Key definitions under KVKK Article 3 establish the foundational concepts. A 'data controller' (veri sorumlusu) is any person who determines the purposes and means of processing. A 'data processor' (veri işleyen) processes data on behalf of the controller. 'Personal data' (kişisel veri) covers any information relating to an identified or identifiable natural person. 'Special categories of personal data' (özel nitelikli kişisel veri) include health data, biometric data, racial or ethnic origin, political opinion, religious belief, criminal convictions and sexual life - these attract heightened protection under KVKK Article 6.

The secondary legislation framework includes the Regulation on the Data Controllers' Registry (VERBİS Yönetmeliği), the Regulation on Deletion, Destruction or Anonymisation of Personal Data, and numerous binding decisions and guidelines issued by the KVKK Authority. These secondary instruments fill procedural gaps and carry the same legal force as the primary law in practice.

A non-obvious risk for foreign groups is that Turkish law does not recognise a 'lead supervisory authority' concept equivalent to the GDPR's one-stop-shop mechanism. Each Turkish establishment or data controller is independently subject to the KVKK Authority's jurisdiction. A group with multiple Turkish entities must manage compliance separately for each legal person.

Registration in VERBİS: who must register and when

VERBİS (Veri Sorumluları Sicil Bilgi Sistemi) is the public registry of data controllers maintained by the KVKK Authority.
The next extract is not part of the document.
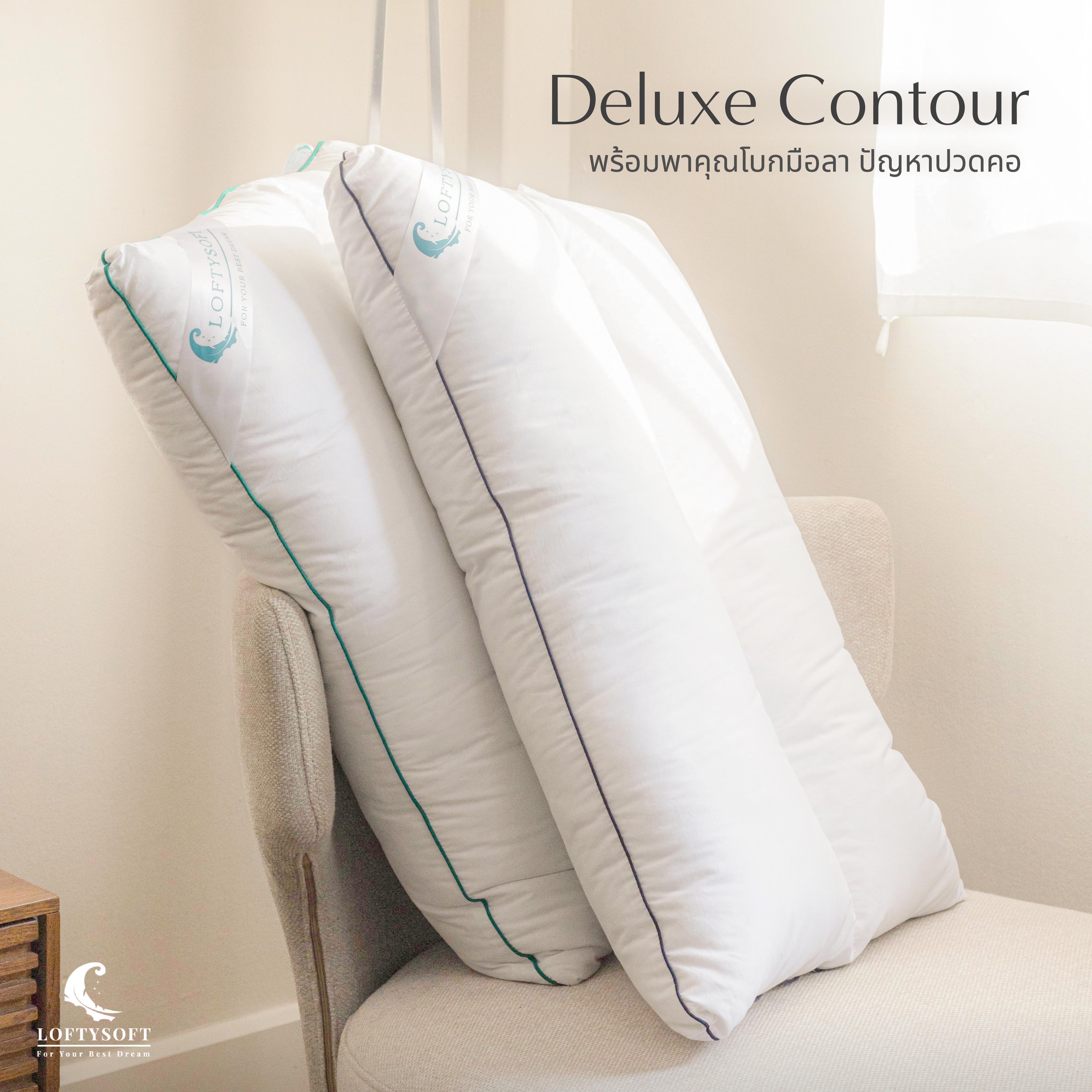 หมอนสุขภาพ หมอนคอนทัวร์ LOFTYSOFT - DELUXE CONTOUR รุ่น SIDE SLEEPER สำหรับคนชอบนอนตะแคง_2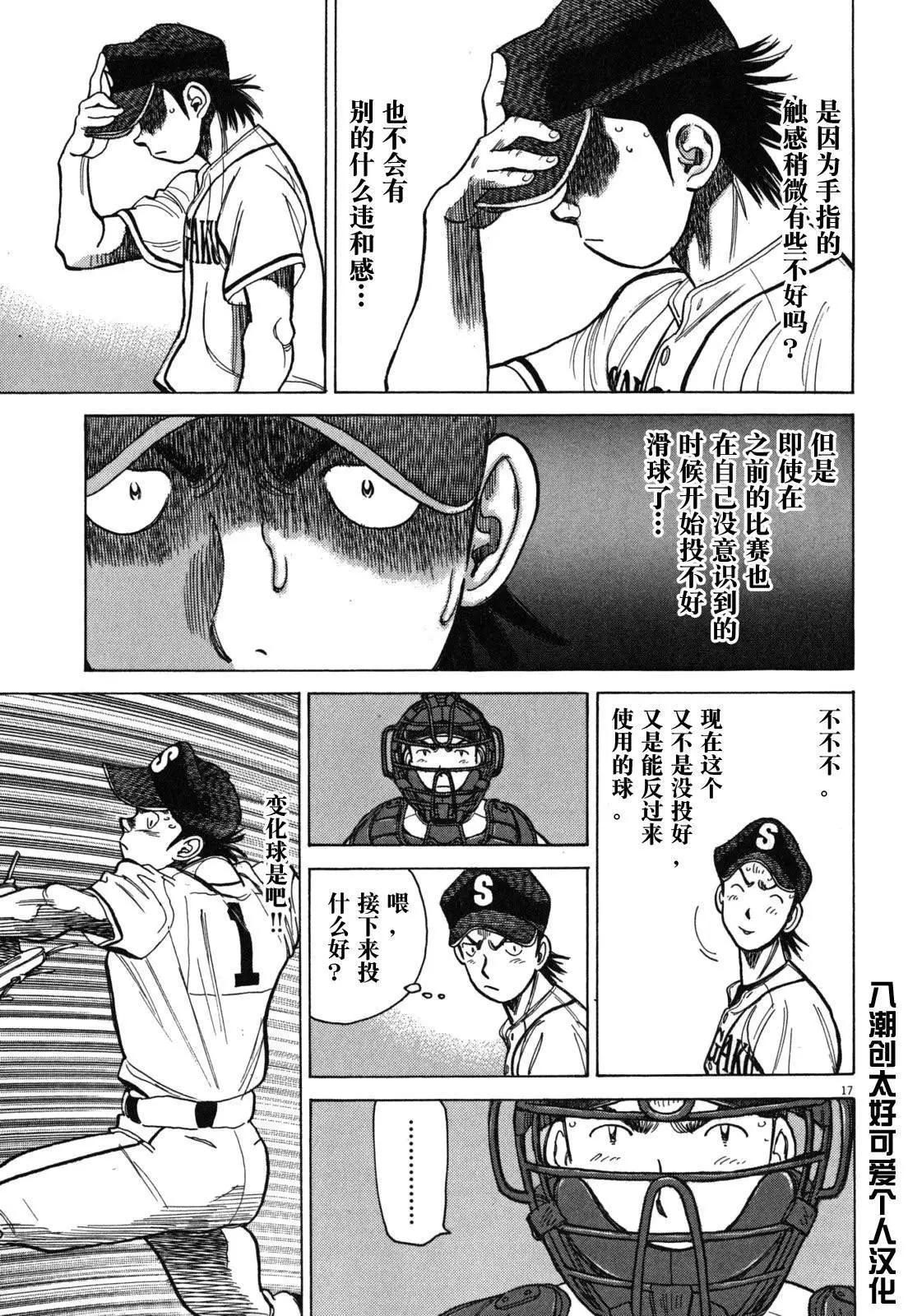 第 17 页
Registration is mandatory for data controllers above certain thresholds, and operating without registration once the obligation arises constitutes a direct violation subject to administrative fines.

Under the KVKK Authority's published decisions, the registration obligation applies to:

  • Data controllers with more than 50 employees or annual financial balance sheet exceeding TRY 25 million.
  • Data controllers processing special categories of personal data, regardless of size.
  • Foreign data controllers processing personal data of Turkish residents, where the processing is systematic and at scale.

The registration process requires the data controller to document: the identity and contact details of the controller, the purposes of processing, the categories of data subjects and personal data, the recipients of data, the data retention periods, and the technical and administrative measures taken. This information is publicly visible in VERBİS, which creates a transparency obligation that many businesses underestimate during onboarding.

A common mistake is treating VERBİS registration as a one-time administrative task. In practice, any material change to processing activities - adding a new data category, engaging a new processor, changing retention periods - requires an update to the registry entry. Failure to maintain an accurate registry record is treated as a continuing violation.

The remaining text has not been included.